Whatcom Pass Tapto Lakes North Cascades National Park
Mount Challenger, North Cascades National Park #61740 Purchase
Several weeks ago I was finally able to make a return visit to Whatcom Pass and Tapto Lakes. In the heart of North Cascades National Park, Whatcom Pass is quintessential North Cascades wilderness. It rises out of deep untouched forest valleys to jaw dropping views of rugged glacier clad peaks. From Part 1
Exploring Tapto Lakes Basin
Tapto Lakes is one of those locations that many hikers dream about visiting. Remote, high in the subalpine, and surrounded by rugged snowcapped peaks, the lakes have all the features of a classic backpacking destination. Tapto Lakes sit in a basin about 800′ above Whatcom Pass. The basin contains on large lake and several smaller lakes set in a heather filled subalpine meadow. The basin is shaped somewhat like an amphitheater, with the main show being the stupendous views of Mount Challenger and Whatcom Peak. Situated in a designated cross-country zone by the park service, with a permit you are free to camp anywhere among the lakes, though with a few caveats.
After investing two days of hard work reaching the lakes I woke up rested and refreshed. Content on not having to hike anywhere with a full pack I took in the view and planned my day. Of course since my main reason for being here was landscape photography I woke up early to survey the light.
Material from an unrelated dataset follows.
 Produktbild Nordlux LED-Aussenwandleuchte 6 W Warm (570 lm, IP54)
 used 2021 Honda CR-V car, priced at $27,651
I had already identified several excellent spots to run to in the event of some great morning light. Unfortunately this wasn’t the case on my first morning, so I had lots of leisure time to explore all the lakes. My usual modus operandi is to spend most of the day scouting out and lining up possible compositions. I then try to assign a priority to them and work from top down when the lighting becomes appropriate. My first evening had some very nice light, enabling me to photograph some classic reflections of Whatcom Peak.
Whatcom Peak, North Cascades National Park #61499 Purchase
The View North
On my second day I decided to move camp to a higher location. My map showed a very small lake not far away in its own small talus fringed basin on Red Face Mountain. It appeared to offer even more commanding views, along with quick access to a ridge on Red Face Mountain. The short hike up was definitely worth it. The lake still had some snow along one side and also had some good composition qualities. I quickly found an excellent spot to set up camp, after which I hiked up to the ridge.
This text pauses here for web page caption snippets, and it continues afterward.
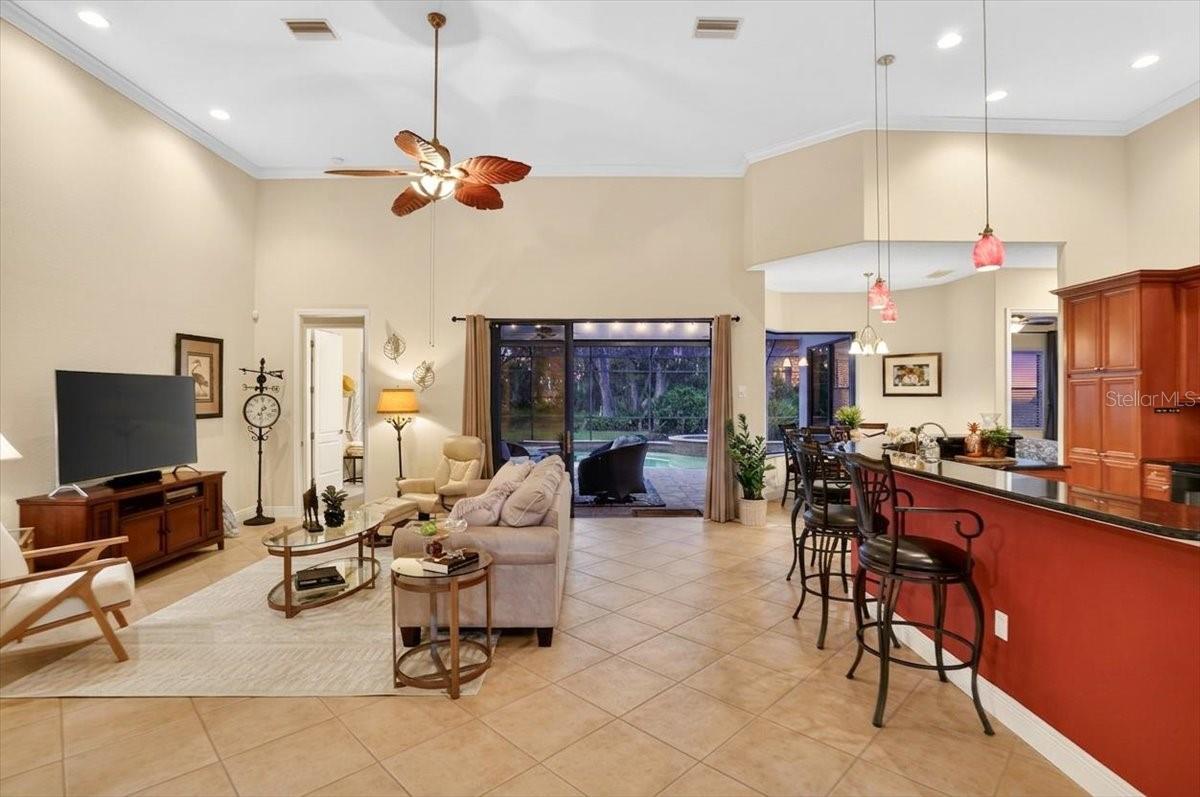 TWIN RIVERS PH II - Residential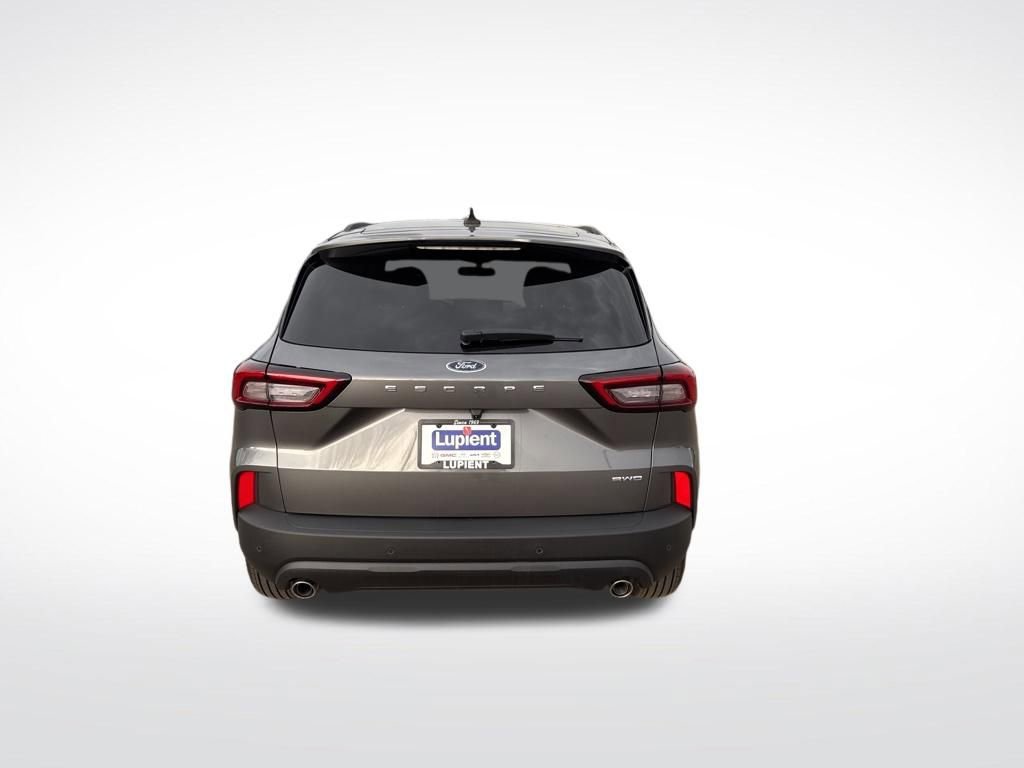 New 2026 Ford Escape ST-Line w/ Tech Pack #1 AWD/4WD image 7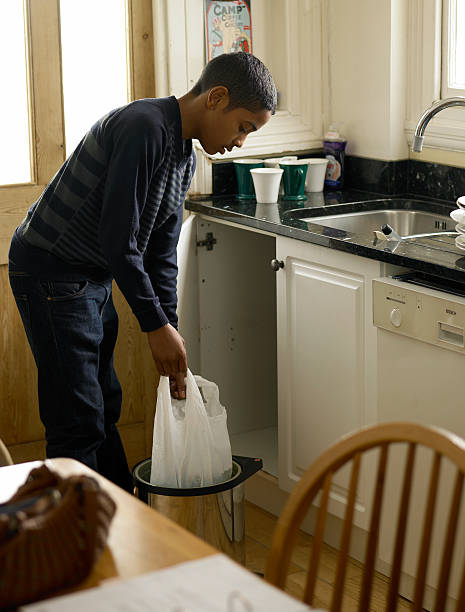 Appliance Disposal in Thomasville, GA
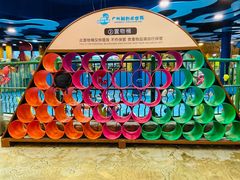 -广州融创水世界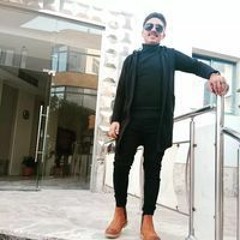 Abd Elrhman Ghorab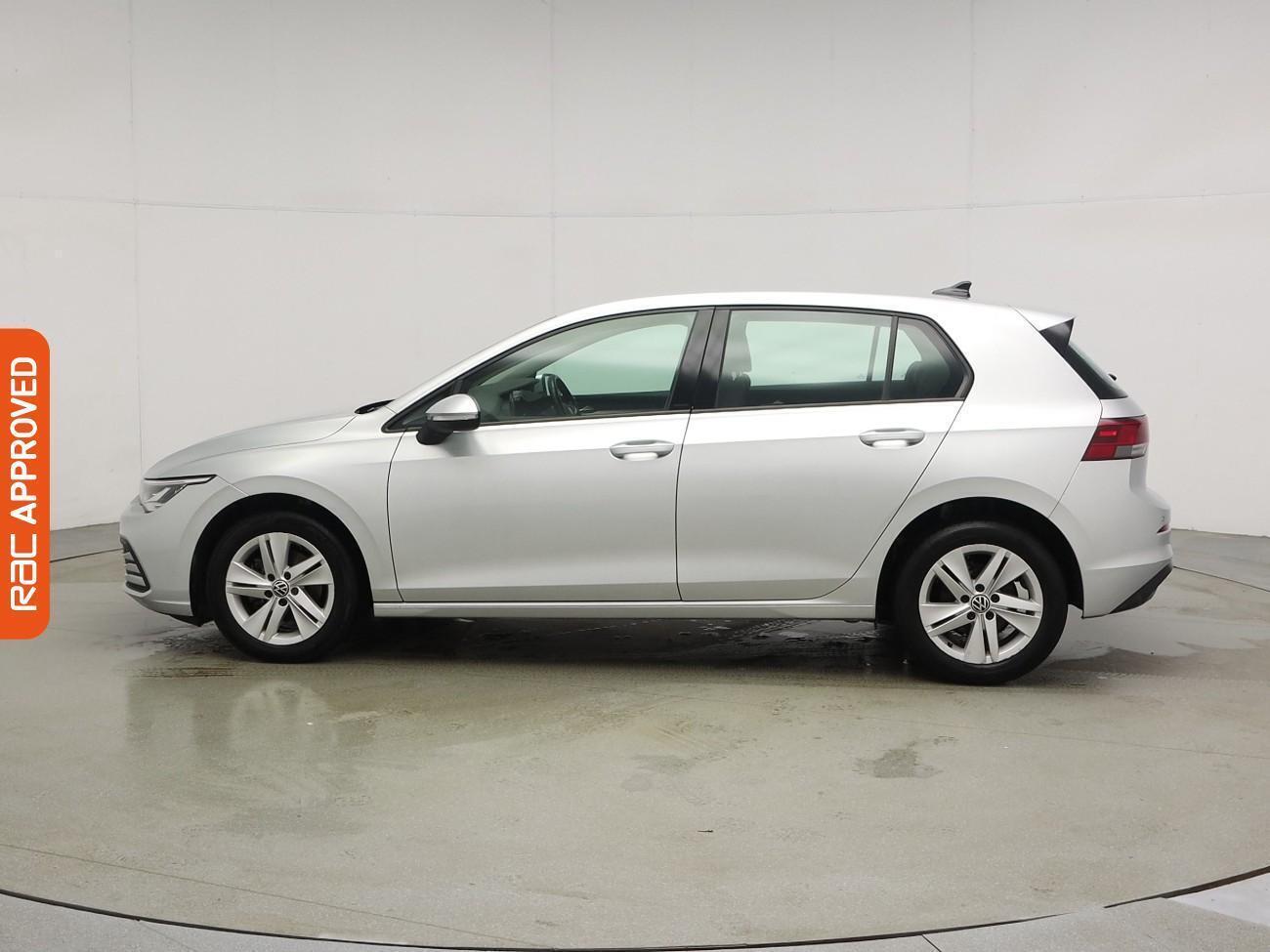Volkswagen Golf view 25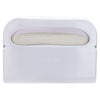 TSC-10, Half Fold Toilet Seat Cover Dispenser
Bear Mountain and Reveille Lakes, North Cascades National Park #61536 Purchase
As I crested the ridge I was presented with incredible views of the wild peaks to the north. Dominating the view was Bear Mountain and the jagged needle-like spires of Mox Peaks and Silver Peaks. Far below the precipitous and crumbling ridge were the turquoise colored Reveille Lakes. All of this territory was completely devoid of trails, a true wilderness only accessible to the most determined mountaineers. I sat there for quite some time, contemplating how fortunate I was to be in such a special place. I got up after a while and headed back down the slope, wondering if I’ll ever return.
Waiting for Light
Back down at the lake the day was wearing on and it was time to set up some compositions. Some clouds had moved in and were swirling arounds the summits of nearby peaks. I was hopeful they wouldn’t completely sock in everything before sunset. I moved to the back of the lake where Whatcom Peak cast a nice reflection in the still waters. Waiting to see what would happen I photographed a series of images in which the clouds and reflection created a sort of Rorshach effect. Although the light didn’t have a dramatic saturation of color, I did like some of the subtle pastel tones. All in all it was a very satisfying day.
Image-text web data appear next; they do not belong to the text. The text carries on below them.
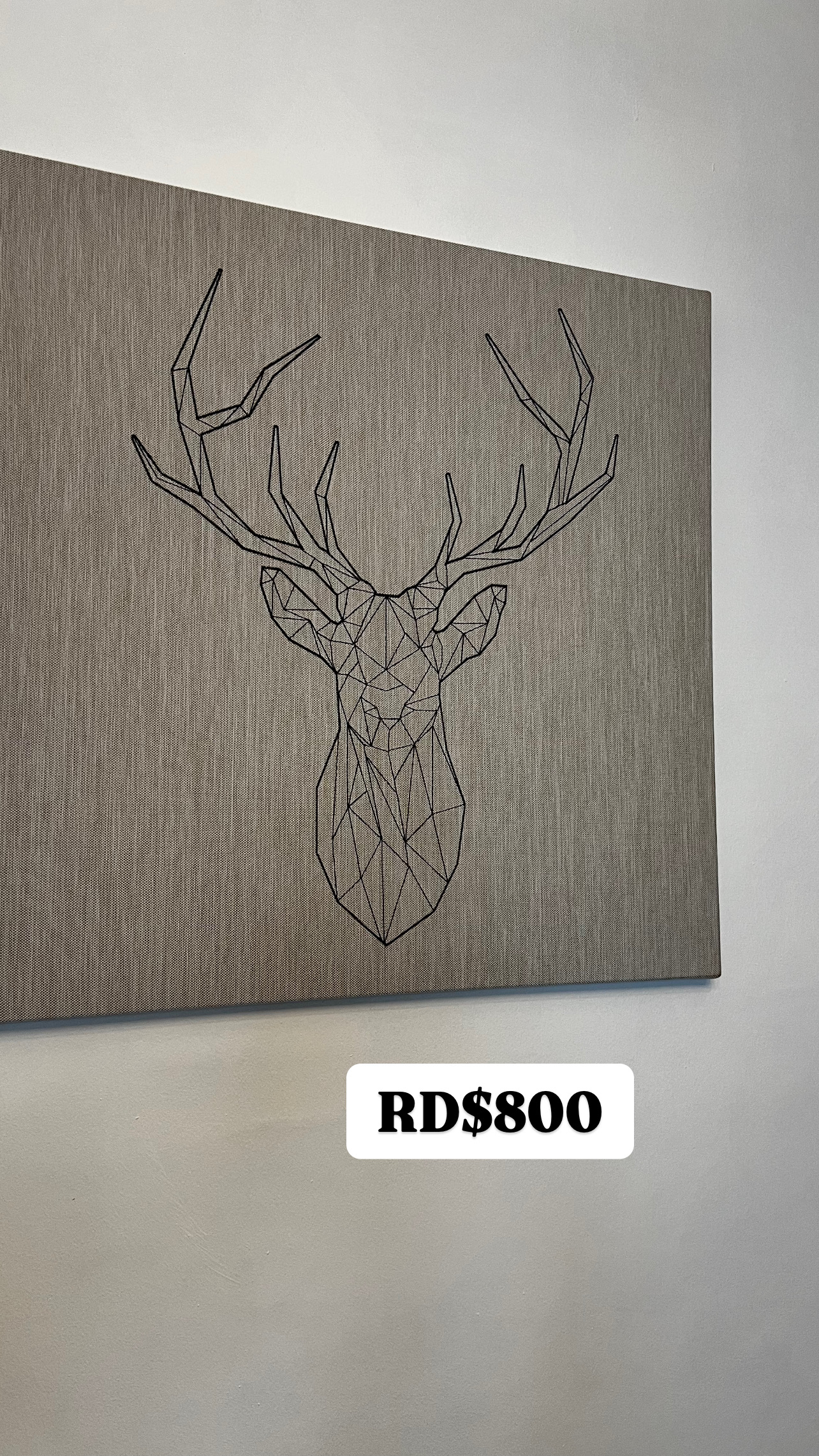 decoración y accesorios - Lámparas y más artículos para el hogar  9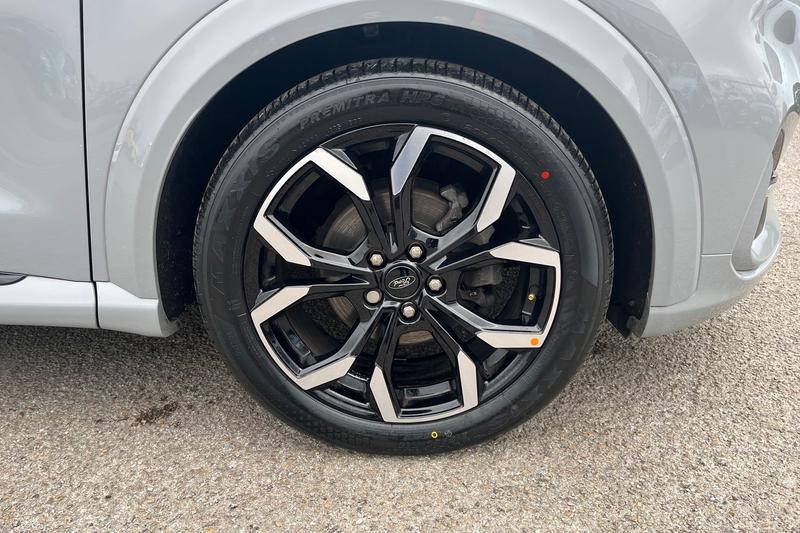 Used Ford Puma 2024 for sale - 78087923: Photo 22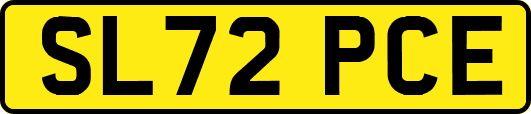 SL72PCE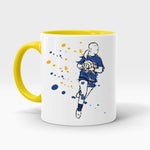 Load image into Gallery viewer, Ladies Greatest Supporter Mug - Longford
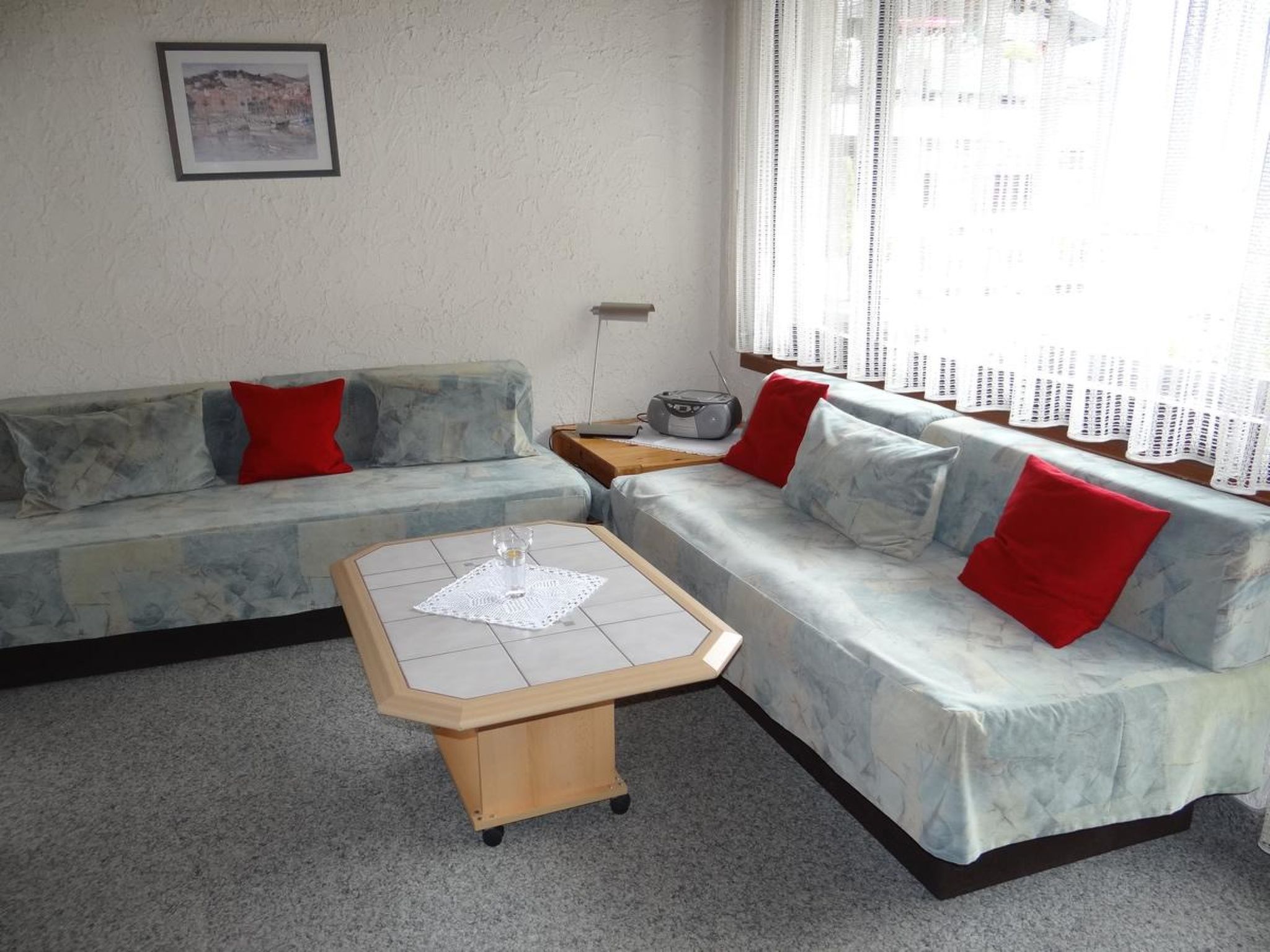 Photo of Birkenstrasse 70/2 Appartement/Fewo 4-Bettwohnung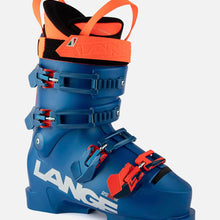 Buty narciarskie LANGE RS 90 SC Vibrant Blue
Whatcom Peak cloud reflection, North Cascades National Park #61603 Purchase
Whatcom Peak cloud reflection, North Cascades National Park #61630 Purchase
The next day feeling that I accomplish my goals and not wanting to overly duplicate images, I packed up and moved on. A bit east of Tapto Lakes are a few more small lakes, the most accessible being Middle Lakes. I decided to spend my last day here before heading back. Climbing back up to the ridge I turned and bid a somewhat sad goodbye to the lakes I had dreamed of revisiting all those years.
Middle Lakes turned out to be an easy short mile or so further, there was only a steep rock slope to cross to add a bit of excitement. When I reached upper Middle Lake I found the setting to be somewhat desolate. Surrounded by steep slopes on three sides and a boulder filed at the outlet, there didn’t seem to be any good campsites. I moved on to check out the lower lake. The lower lake was more attractive, but it too afforded little flat ground for camping. However, when scouting for campsites I noticed an odd mound near the lake outlet with intense iron red soil. There appeared to be springs emanating from the mound. The main spring had formed small red mineral terraces similar to Mammoth Hot Springs in Yellowstone. I felt the water but it was cool to the touch.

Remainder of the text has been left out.